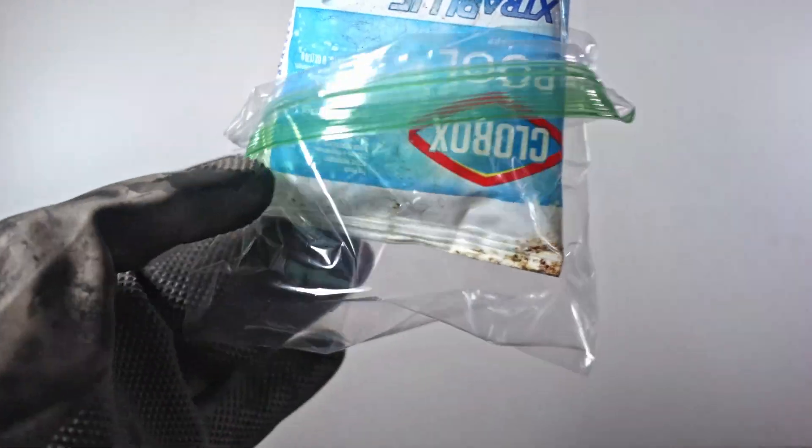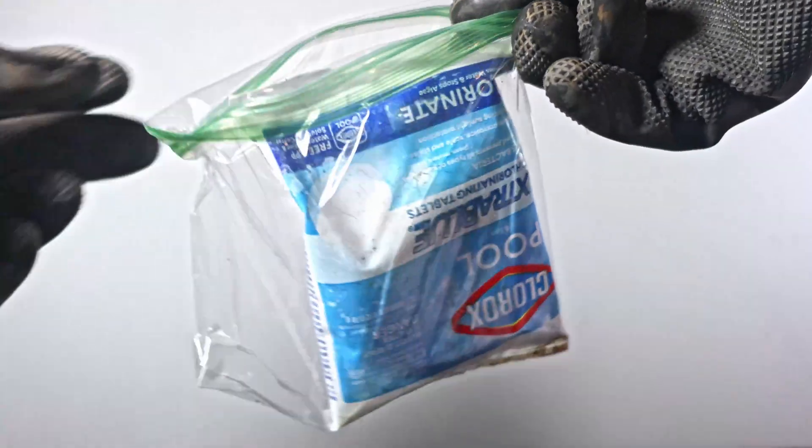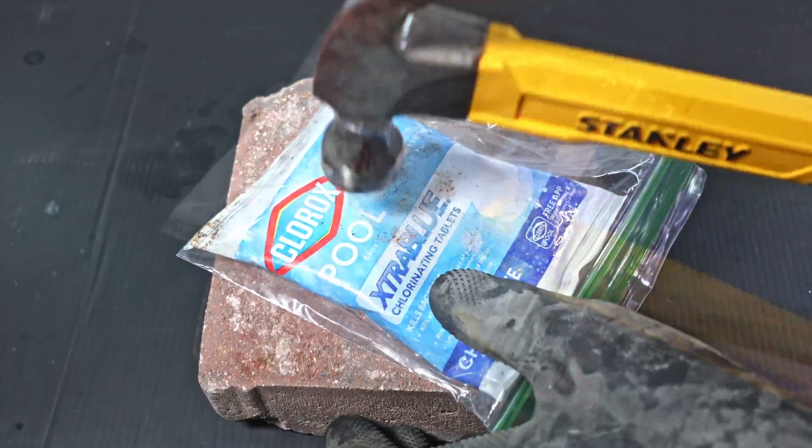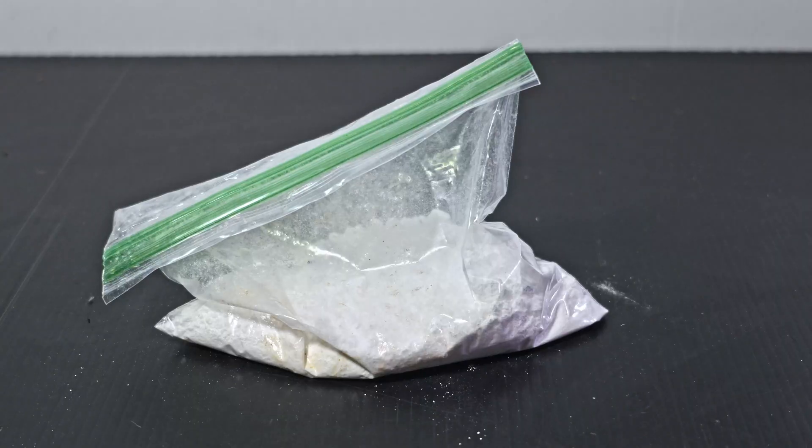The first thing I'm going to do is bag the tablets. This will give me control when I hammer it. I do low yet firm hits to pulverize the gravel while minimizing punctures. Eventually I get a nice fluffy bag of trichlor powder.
━━━━
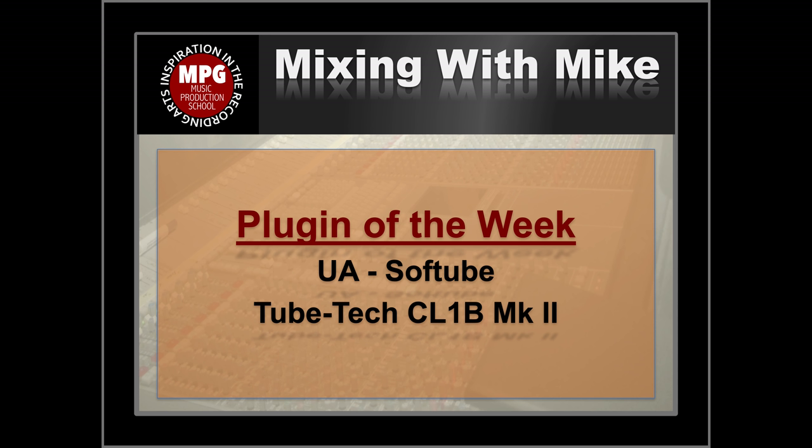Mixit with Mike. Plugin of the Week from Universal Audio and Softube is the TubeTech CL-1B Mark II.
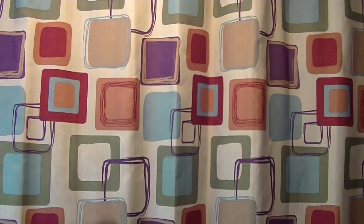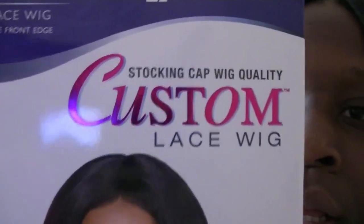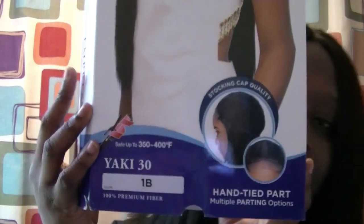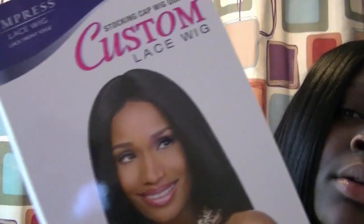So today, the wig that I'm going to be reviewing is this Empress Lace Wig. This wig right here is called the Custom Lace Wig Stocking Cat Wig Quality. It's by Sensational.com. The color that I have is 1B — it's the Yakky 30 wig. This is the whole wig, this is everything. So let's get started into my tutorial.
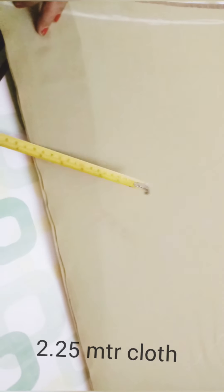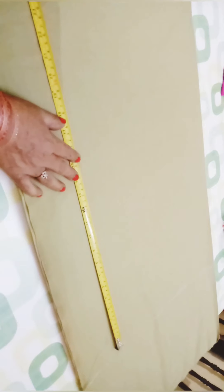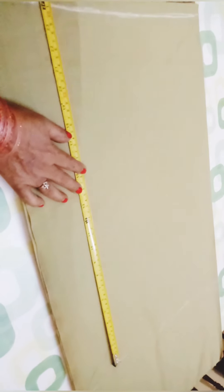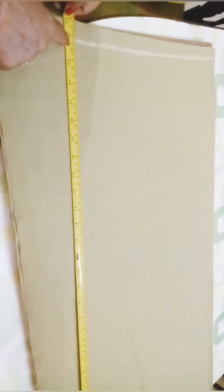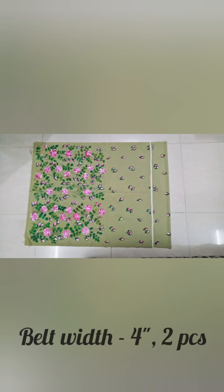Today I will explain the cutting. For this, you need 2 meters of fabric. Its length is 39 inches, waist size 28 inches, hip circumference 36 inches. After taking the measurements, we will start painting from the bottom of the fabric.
━━━━
Repeat only the stretch of data above that runs from the line with "Mixit with Mike." to the line with "Today I will". Keep both end lines; exclude pictures.

Your response:
Mixit with Mike. Plugin of the Week from Universal Audio and Softube is the TubeTech CL-1B Mark II.
So today, the wig that I'm going to be reviewing is this Empress Lace Wig. This wig right here is called the Custom Lace Wig Stocking Cat Wig Quality. It's by Sensational.com. The color that I have is 1B — it's the Yakky 30 wig. This is the whole wig, this is everything. So let's get started into my tutorial.
Today I will explain the cutting. For this, you need 2 meters of fabric. Its length is 39 inches, waist size 28 inches, hip circumference 36 inches. After taking the measurements, we will start painting from the bottom of the fabric.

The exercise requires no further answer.